Egyptian pound continues to depreciate against US dollar

Doaa Farid
3 Min Read
The value of $1 stands at EGP 7.16 on 22 May, compared to EGP 7.083 before CBE exceptional auction (DNE Photo)
The value of $1 stands at EGP 7.16 on 22 May, compared to EGP 7.083 before CBE exceptional auction (DNE Photo)
The value of $1 stands at EGP 7.16 on 22 May, compared to EGP 7.083 before CBE exceptional auction
(DNE Photo)

The value of the Egyptian pound has continued to depreciate against the US dollar, registering EGP 7.16 on 22 May, up from EGP 7.083 on 14 May.

The Egyptian pound unexpectedly fell to record EGP 7.14 against the dollar after the Central Bank of Egypt (CBE) held an “exceptional foreign exchange auction” on 14 May. The banks were permitted to purchase $1bn from the country’s foreign reserves in an attempt to meet clients’ import needs of food commodities.

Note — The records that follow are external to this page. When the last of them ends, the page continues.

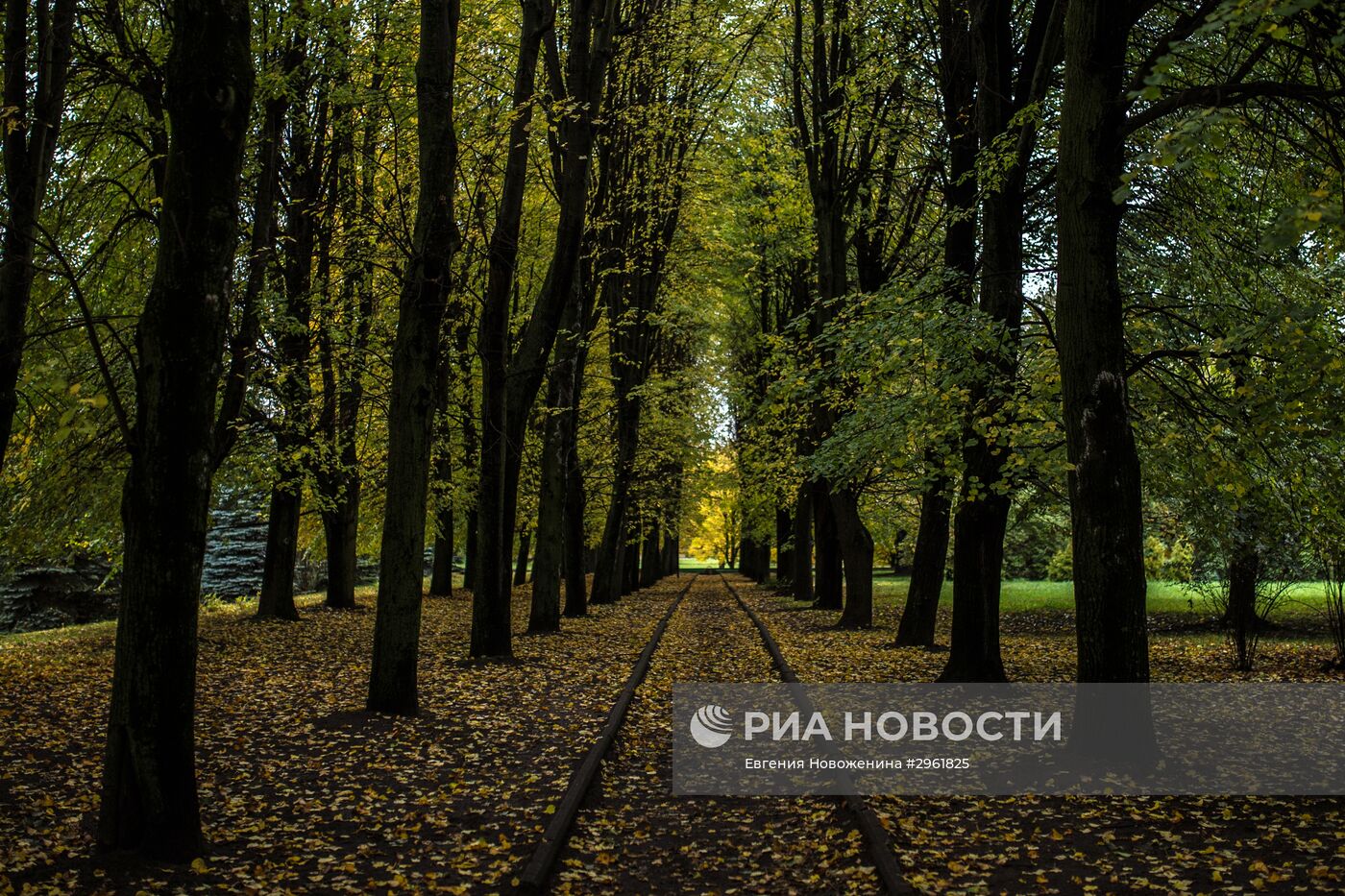 Города России. Калининград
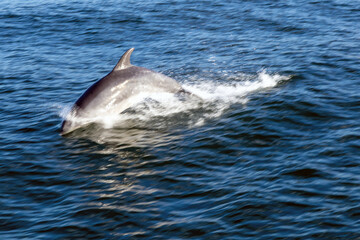 Naklejka premium Delfín mular saltando fuera del agua persiguiendo una embarcación. Ría de Vigo, Galicia, España. Enfoque selectivo.
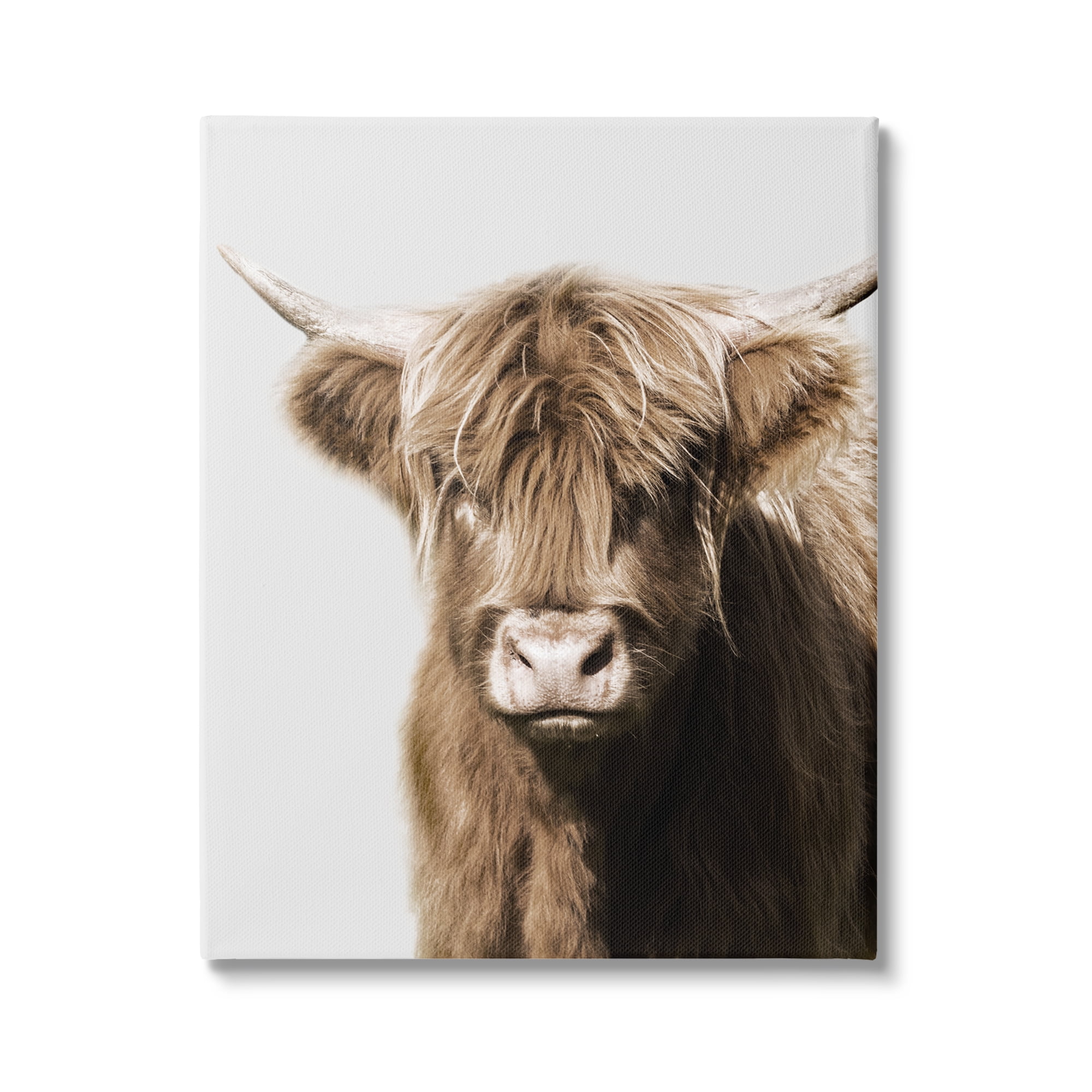 Stupell Industries Highland Cattle Close-Up Animals & Insects Photography Gallery Wrapped Canvas Art Print Wall Art, 24 x 30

According to the head of technical analysis at Pioneers Holding Mohamed Younes, CBE’s control of foreign currency harm’s Egypt’s foreign reserves and hence, the economy. Since December 2012, the Central Bank has been restricting access to US dollars by hosting dollar auctions up to three times a week in an attempt to ration the supply of dollars and give priority to staple food imports.

Doha Abdel Hamid, an economic expert at the United Nations, stated that this move indicates the presence of an economic crunch. “It seems that the CBE is providing the banks with dollars with a cap ceiling to allow for the importation of necessary goods only,” she added.

CBE has held four other exceptional auctions. In January, the bank sold $1.5bn in a similar exceptional auction, $600m in April, $1.3bn in September 2013 and $800m in May 2013.

The bank should leave the currency floating and expose it to the market’s supply and demand, Younes said, adding: “Of course, this may lead to an increase in the value of US dollar against the EGP… it may reach EGP 10, but after that, the EGP will gradually rise against dollar”.

International foreign reserves have surged in April to register $17.48bn after recording $17.41bn in March and $17.3bn in February. Foreign reserves have been falling since September 2013, registering $18.7bn, a $0.2bn drop from August numbers, and reaching $17.05bn in December. However, they rebounded again in January, recording $17.105bn.

Loans and grants from Gulf countries will help secure foreign reserves in the short term because Egypt has to pay them back eventually, Younes said.

In order to stabilise the value of the Egyptian pound against the dollar, there should be political stability, which would help pump foreign direct investments (FDI), high tourism revenues and cash transfer from Egyptian expats, Younes stated.